This year, Valentine’s Day marks 4 years since I experienced a cardiac arrest. I wrote about some of my thoughts and feelings about this experience and how it affecting my thinking about education in two posts here and here. It’s interesting looking back on that second one, where I contemplated ideas about the Self before I’d read Foucault’s Self Writing. The ideas I was contemplating at the time around identity and an almost deliberate act of identity construction seem now almost ironic, perhaps.
Four years on, how have things developed? How have I developed?
Well, in general, it’s been a pretty good four years. Professionally, I finally decided to get out of the state sector and have found myself in the rather odd position of being happy at work. I’ve taken a promotion, and actually seem to be doing okay at it.
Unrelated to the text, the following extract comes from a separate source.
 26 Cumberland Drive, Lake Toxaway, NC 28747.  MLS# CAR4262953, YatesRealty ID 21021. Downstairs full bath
I seem more able to deal with things, and to get things done.
Personally, I have been thrilled and humbled to speak at three ResearchED events and getting more involved in the Tweacher Society. This has been great. I’ve met lots of amazing teachers and others who have inspired me and given me confidence; far too many to mention all of them here, but I have developed a strong network of people that I genuinely consider friends. I’ve had some positive reactions to my EdD work, which have encouraged me to continue and I am hoping to finally finish this year.
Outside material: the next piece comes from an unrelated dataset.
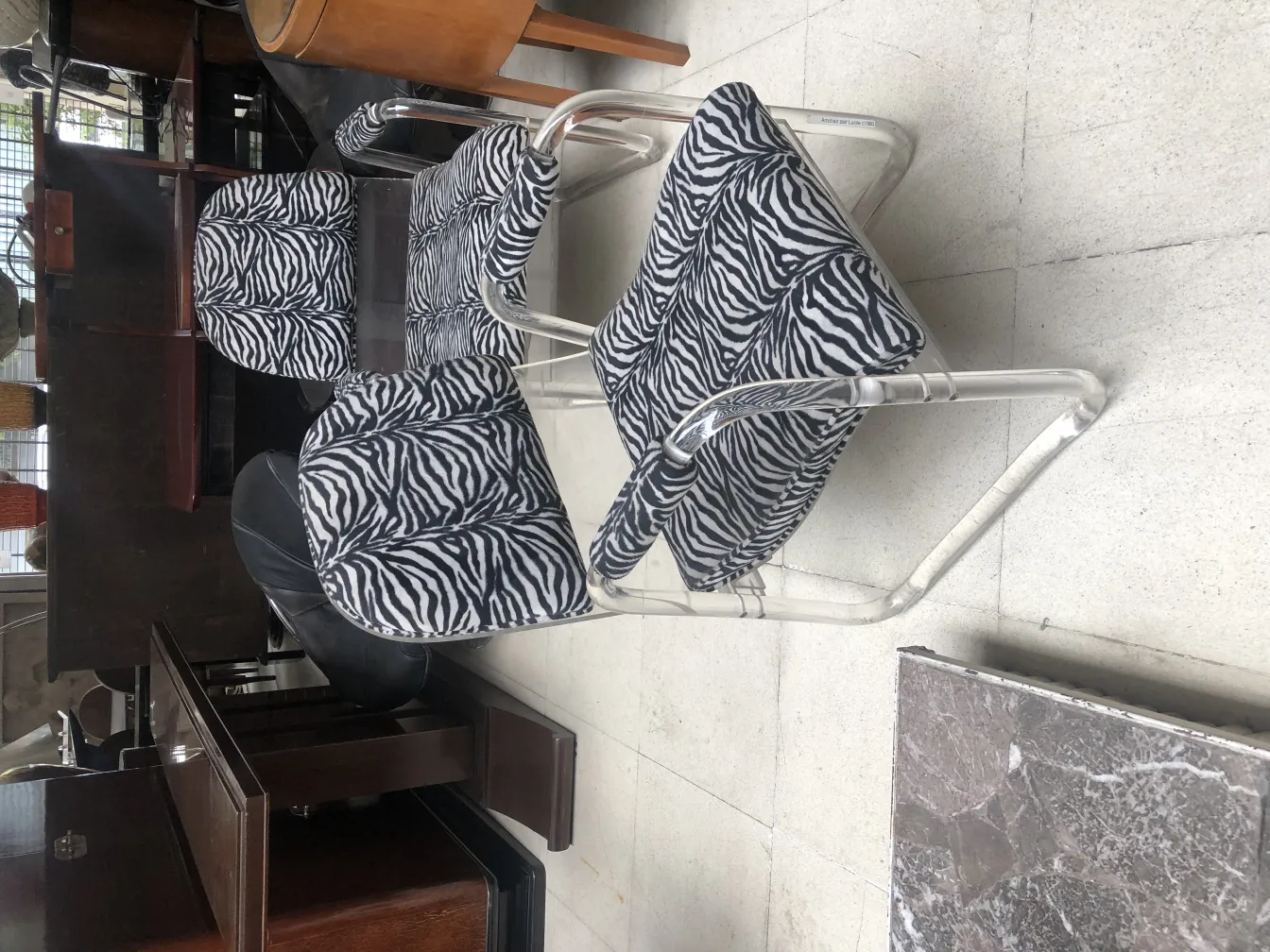 Two antique armchairs featuring a zebra design in a stylish setting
My family continue to amaze me every day; my daughters are just wonderful.
But, and it’s pretty difficult to find the right words for this, I do still occasionally feel as if I’m piloting a cadaver. This sensation was the dominant one for about a year following the cardiac arrest; a sense of disconnect from the world that was unlike anything I’d previously felt. I was a zombie, rather like the version of Lazarus that Carol Ann Duffy portrays; a fraudulent ghost inhabiting a stolen body and a stolen life.
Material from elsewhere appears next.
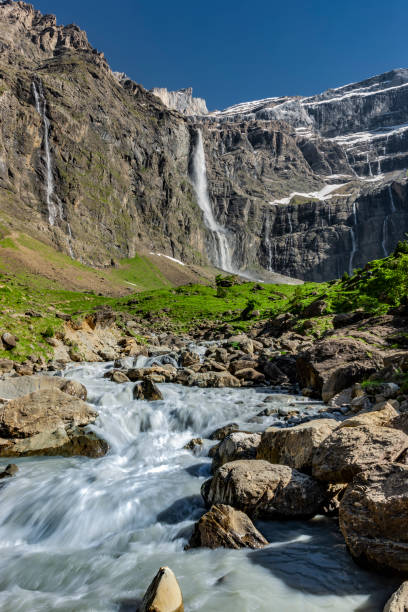 Large waterfall in the Cirque de Gavarnie, Pyrenees National Park, France Large waterfall in the Cirque de Gavarnie, Pyrenees National Park, France gavarnie stock pictures, royalty-free photos & images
The obvious damage to my short-term memory didn’t help, and although I’ve gotten used to this, it still causes issues for me at times. People don’t seem to realise that this is a genuine issue; they think I’m just not paying attention. Which may be true. I really struggle with conversations at times still.
It’s timely that this anniversary – my sort of rebirthday – falls upon Ash Wednesday. Lent is supposed to be a reflective time; a time during which we refocus on the things which are important to us. But, whilst reflection is important, it is important also to look ahead. There is not much use in mourning a version of me that I’ve long forgotten.
And so, with Lent in mind, I shall choose to give up the doubts that tempt me to hesitate and procrastinate. It’s time to inhabit this body, this life, and to pilot the phoenix.